Cylindrical bench-like structures, like that disclosed in U.S. Pat. No. 4,676,223 to Huls, have also been used as heat sources for participants at outdoor athletic events. The Huls device operates on many of the same basic principles as do the heated benches, but lacks the advantage of providing a back support for anyone wishing to sit upon the device. This device has been equipped with perforations for exhausting hot air at regular intervals along the length and circumference of the device, however, making standing near the device more of an option than it is with a heated bench. But the person standing near the device will not be fully enveloped in heated air, thereby leaving the side of his or her body facing away from the device exposed to the cold. Another disadvantage is that one cannot sit on the device and simultaneously warm his feet. Foot warning requires that the person face the cylindrical heater, standing with his toes beneath the drum.
Providing a heat source for participants in cold-climate athletic events not only makes exposure to cold temperatures more bearable from a comfort standpoint, it also enhances the performance and safety of the participants in such conditions. For example, warm muscles are more limber and loss prone to injury than are muscles that become tight as a result of inactivity in cold temperatures. Moreover, in contact sports such as football, the force of a collision is less painful—and potentially less injurious—to a warm body.

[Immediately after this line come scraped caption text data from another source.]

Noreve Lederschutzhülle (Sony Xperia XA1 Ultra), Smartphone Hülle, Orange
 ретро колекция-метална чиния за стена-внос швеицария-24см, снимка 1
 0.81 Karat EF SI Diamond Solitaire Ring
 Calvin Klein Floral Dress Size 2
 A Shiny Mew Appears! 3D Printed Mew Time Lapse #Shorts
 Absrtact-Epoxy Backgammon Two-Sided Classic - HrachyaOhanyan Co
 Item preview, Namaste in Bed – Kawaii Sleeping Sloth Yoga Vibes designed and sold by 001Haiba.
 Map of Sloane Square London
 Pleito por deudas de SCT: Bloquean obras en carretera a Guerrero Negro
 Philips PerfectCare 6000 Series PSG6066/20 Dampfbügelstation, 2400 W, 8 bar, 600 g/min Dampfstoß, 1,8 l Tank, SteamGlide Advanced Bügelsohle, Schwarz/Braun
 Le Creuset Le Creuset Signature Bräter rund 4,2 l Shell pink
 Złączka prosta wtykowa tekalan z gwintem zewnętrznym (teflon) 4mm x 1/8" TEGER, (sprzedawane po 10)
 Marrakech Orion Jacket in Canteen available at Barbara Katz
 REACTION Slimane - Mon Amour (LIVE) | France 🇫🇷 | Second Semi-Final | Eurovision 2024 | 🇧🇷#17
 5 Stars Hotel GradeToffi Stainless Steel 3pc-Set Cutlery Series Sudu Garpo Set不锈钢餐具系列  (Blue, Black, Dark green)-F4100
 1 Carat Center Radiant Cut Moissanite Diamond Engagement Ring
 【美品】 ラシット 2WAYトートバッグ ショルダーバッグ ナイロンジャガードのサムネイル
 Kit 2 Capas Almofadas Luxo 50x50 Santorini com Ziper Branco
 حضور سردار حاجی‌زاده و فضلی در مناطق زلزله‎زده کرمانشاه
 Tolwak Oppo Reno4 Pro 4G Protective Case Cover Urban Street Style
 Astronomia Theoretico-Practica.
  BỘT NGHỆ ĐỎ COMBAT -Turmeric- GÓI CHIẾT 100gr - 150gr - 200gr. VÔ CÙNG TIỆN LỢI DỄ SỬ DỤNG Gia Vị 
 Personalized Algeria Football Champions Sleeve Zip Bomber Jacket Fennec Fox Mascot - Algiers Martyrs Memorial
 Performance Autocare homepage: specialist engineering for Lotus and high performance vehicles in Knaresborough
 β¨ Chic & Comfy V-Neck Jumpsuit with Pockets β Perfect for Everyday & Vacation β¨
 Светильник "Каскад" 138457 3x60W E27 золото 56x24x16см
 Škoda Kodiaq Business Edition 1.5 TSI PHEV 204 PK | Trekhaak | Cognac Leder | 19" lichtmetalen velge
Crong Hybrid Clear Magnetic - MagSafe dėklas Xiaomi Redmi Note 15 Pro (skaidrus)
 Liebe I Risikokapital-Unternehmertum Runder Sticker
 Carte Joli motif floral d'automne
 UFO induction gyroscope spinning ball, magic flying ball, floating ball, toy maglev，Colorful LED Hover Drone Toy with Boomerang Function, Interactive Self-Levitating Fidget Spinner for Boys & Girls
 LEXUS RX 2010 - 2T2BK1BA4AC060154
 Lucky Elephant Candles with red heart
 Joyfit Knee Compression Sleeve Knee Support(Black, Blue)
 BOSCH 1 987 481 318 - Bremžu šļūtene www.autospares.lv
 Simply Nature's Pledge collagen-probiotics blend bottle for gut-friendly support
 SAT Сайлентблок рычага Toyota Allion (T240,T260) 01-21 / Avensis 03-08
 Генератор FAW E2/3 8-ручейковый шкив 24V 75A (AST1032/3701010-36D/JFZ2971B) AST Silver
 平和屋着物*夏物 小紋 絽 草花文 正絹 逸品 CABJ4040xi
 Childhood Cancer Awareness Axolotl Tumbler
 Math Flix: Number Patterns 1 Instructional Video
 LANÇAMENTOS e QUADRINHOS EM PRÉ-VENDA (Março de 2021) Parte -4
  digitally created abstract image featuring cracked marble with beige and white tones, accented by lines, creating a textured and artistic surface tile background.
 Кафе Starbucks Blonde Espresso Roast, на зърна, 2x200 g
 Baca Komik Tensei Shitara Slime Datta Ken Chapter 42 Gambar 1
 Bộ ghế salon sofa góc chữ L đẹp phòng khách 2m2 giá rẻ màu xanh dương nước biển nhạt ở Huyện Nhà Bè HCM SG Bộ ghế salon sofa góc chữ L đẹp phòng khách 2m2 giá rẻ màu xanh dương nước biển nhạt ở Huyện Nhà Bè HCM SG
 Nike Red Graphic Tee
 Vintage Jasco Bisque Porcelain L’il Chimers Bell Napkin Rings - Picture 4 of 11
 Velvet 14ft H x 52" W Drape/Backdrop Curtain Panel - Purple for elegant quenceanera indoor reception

Minimizing the risk of injury is obviously important in any activity, regardless of climate. And protecting the head is particularly important in activities where the potential for head trauma is high. As a result, helmets are often mandatory or highly recommended equipment for participation in such activities. Logically, maintaining a helmet in its optimal condition helps optimize the helmet's effectiveness. It has been observed, however, that when a helmet is exposed to cold temperatures, its padding can be adversely affected, and the helmet's effectiveness can be compromised.
A helmet's padding serves the dual purpose of absorbing the force of a blow to the helmet and ensuring that the helmet fits its wearer properly. To do this consistently, the padding must be able to maintain its elasticity in all conditions and circumstances. But when cold, the padding hardens. When its pads harden, a helmet becomes difficult to put on, and more importantly, the helmet's ability to protect the head is compromised. Instead of absorbing the force of a blow to the helmet, the hardened pads become an instrument through which the force is delivered to the head. The helmet's wearer is thereby exposed to a greater risk of head injury.
Heat radiating from a player's head generally keeps the padding in his helmet from hardening in cold temperatures. But it is not always practical or desirable for a football player to wear his helmet when not participating in the game or practice. In addition to the padding of his helmet hardening, a secondary problem often arises when a player removes his helmet—the player frequently forgets where he placed it when he took it off.
It is therefore an objective of this invention to provide an apparatus which effectively heats the interior padding of helmets or other equipment, while providing a structure for the convenient placement of such equipment.
It is another objective of this invention to provide an efficient and effective heating system for warming the entire body of a person required or desiring to sit or stand for extended periods in a cold environment.
According to one embodiment, the invention provides a seating device or a personnel warming system having an improved heated bench in combination with a heated deck which extends from a base of the footwall of the bench. A person may either sit on the bench with his feet resting on the deck in front of him, or he may stand on the deck itself. In either case, the invention effectively provides heat to the person's entire body, especially including the feet.
The bench is a substantially hollow structure that is warmed by heated air that is forced into an interior space defined by the bench. The entire outer surface of the bench is warmed by this process. The heated pressurized air is exhausted from the interior space of the bench and into a substantially hollow deck which extends outwardly from the base of the footwall of the bench. The deck has perforations in its top surface through which the heated, pressurized air is exhausted from the bench.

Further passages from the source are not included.